Great Crested Flycatcher

Great Crested Flycatcher youngster

So despite the fact that I missed the last couple of weeks of the mulberry/cherry season there is still a lot of bird watching to do — and it remains rewarding to get up and out in the morning.

Yesterday also yielded a Swallowtail hanging out in the Agastache ‘Tutti-Fruiti’.

Swallowtail on Agastache

Swallowtail fully spread out on the Agastache 'Tutti-Fruiti'

Garden Blogger’s Bloom Day for July 2010

Oriental Lily 'Time Out'

Well it is Garden Blogger’s Bloom Day once again where thanks to Carol at May Dreams Gardens we are called upon to describe what is blooming right now.  For us it is lillies, lillies, and more lillies.  The problem is that because of the drought we have been through all the flowers are much smaller than normal.  More about that later.  First let me share some of the flower pictures.

Oriental Lily 'Salmon Star'

Oriental Lily 'Marco Polo'

Trumpet Lily 'Scheherazade'

Lilies provide the added benefit of striking fragrance on a summer night and their smell permeates the house if you bring them inside.

Even the daylilies are getting into the act.

Red Daylily

Yes, there a lot of other players in the yard right now — the Shasta Daisies, the Black-eyed Susans, Yarrow, Gaura, Heliopsis, and Joe Pye Weed.

Joe-Pye Weed (Eupatorium purpureum)

And our favorite Glad is out in bloom.

Princess Margaret Rose Gladiolius is the first one out again

And let us not forget a cute little annual Celosia.

Celosia 'Flamingo Feather'

But the biggest feature of the garden has been the lack of water.

We went on vacation at the end of June.  June was a very dry month before we left.  But I had watered everything I could before departing.  For the full month of June this is what we got for rainfall.

Weather for June

Note the record heat.  In addition during the two weeks we were gone there was zero rain and the heat got worse.
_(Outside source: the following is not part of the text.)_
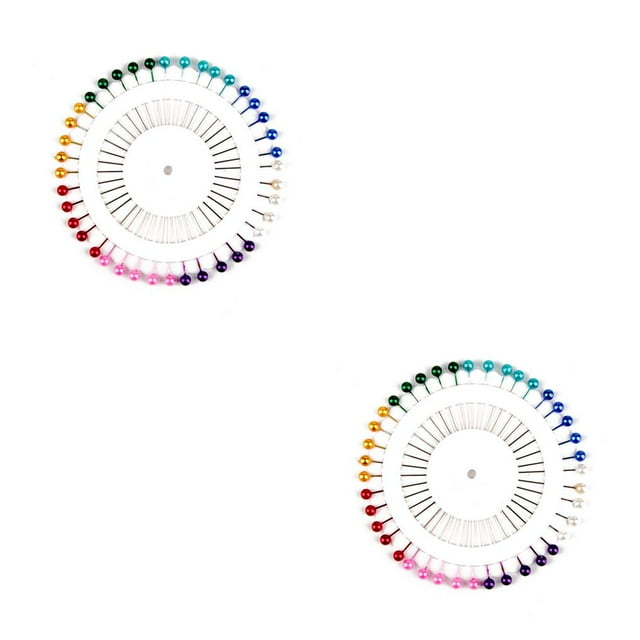 kurtrusly 1/2/3/5 40 Pieces DIY Pearl Head Sewing Manual Positioning Crafts Coloured Round Bead Kit for Color Random 1pcs 2PCS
Through the first 8 days of July not a drop fell at our house and the temperature went to a 106 degrees.  I had counted on getting at least one little rainstorm and hadn’t expected desert-like temperatures.
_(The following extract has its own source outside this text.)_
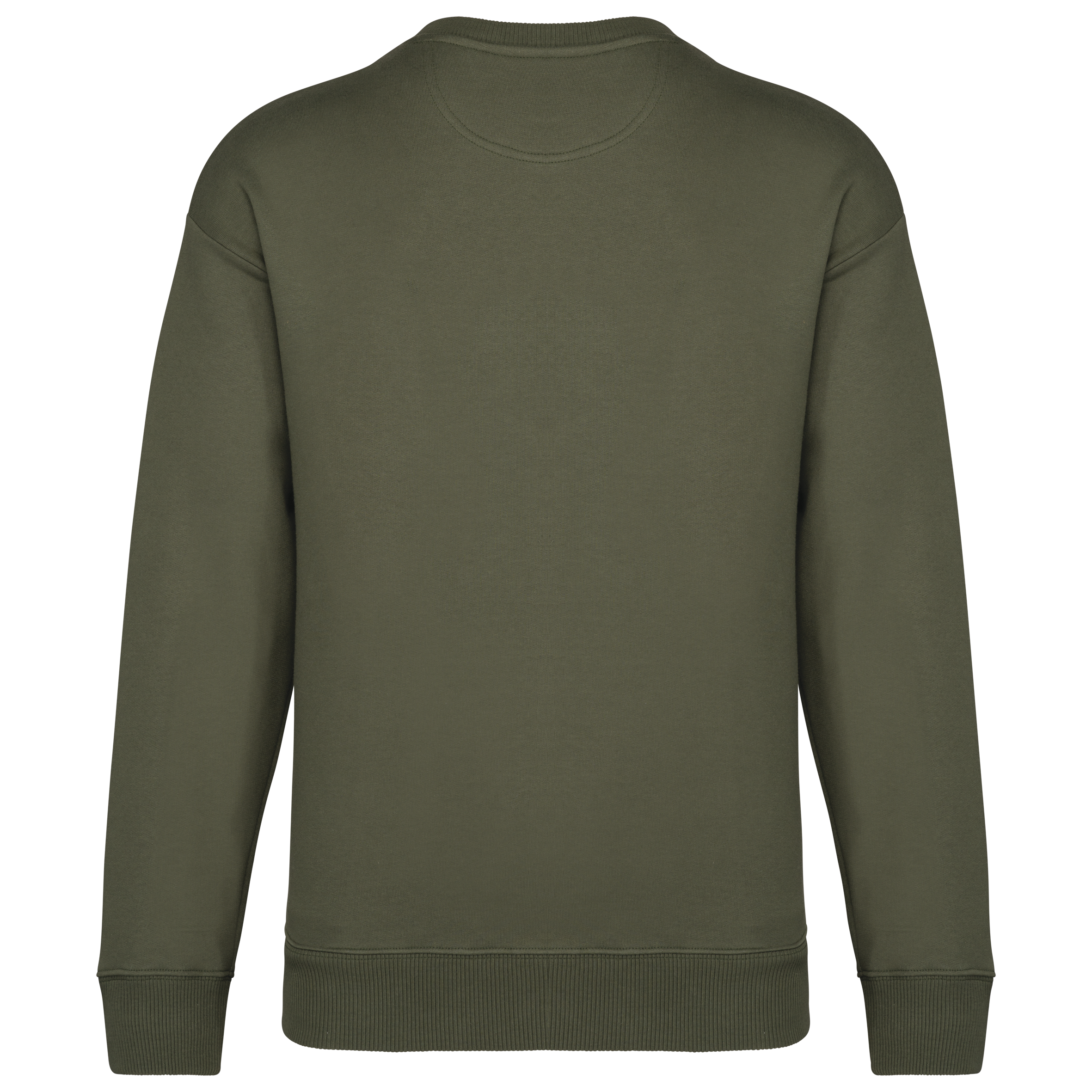 Sudadera cuello redondo oversize unisex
I still haven’t finished toting up the damage.

The dead and dying on the Maple Allee

This is the sight I faced on the evening I returned.  A lot of labor and years of growth on the little Maples — wasted.

The newly planted Coral Bark Maple is toast...

Garden disasters - note shrunken water-starved corn

Potted plants on evening of our return home

The positive on this last picture is that with water our thirty year-old Grapefruit has opened it’s leaves again.

I’m sure there is some lesson here about abandoning your garden while hiking through the wildflowers in Colorado, but I don’t want to hear it.  Maryland is supposed to have better weather than Nevada…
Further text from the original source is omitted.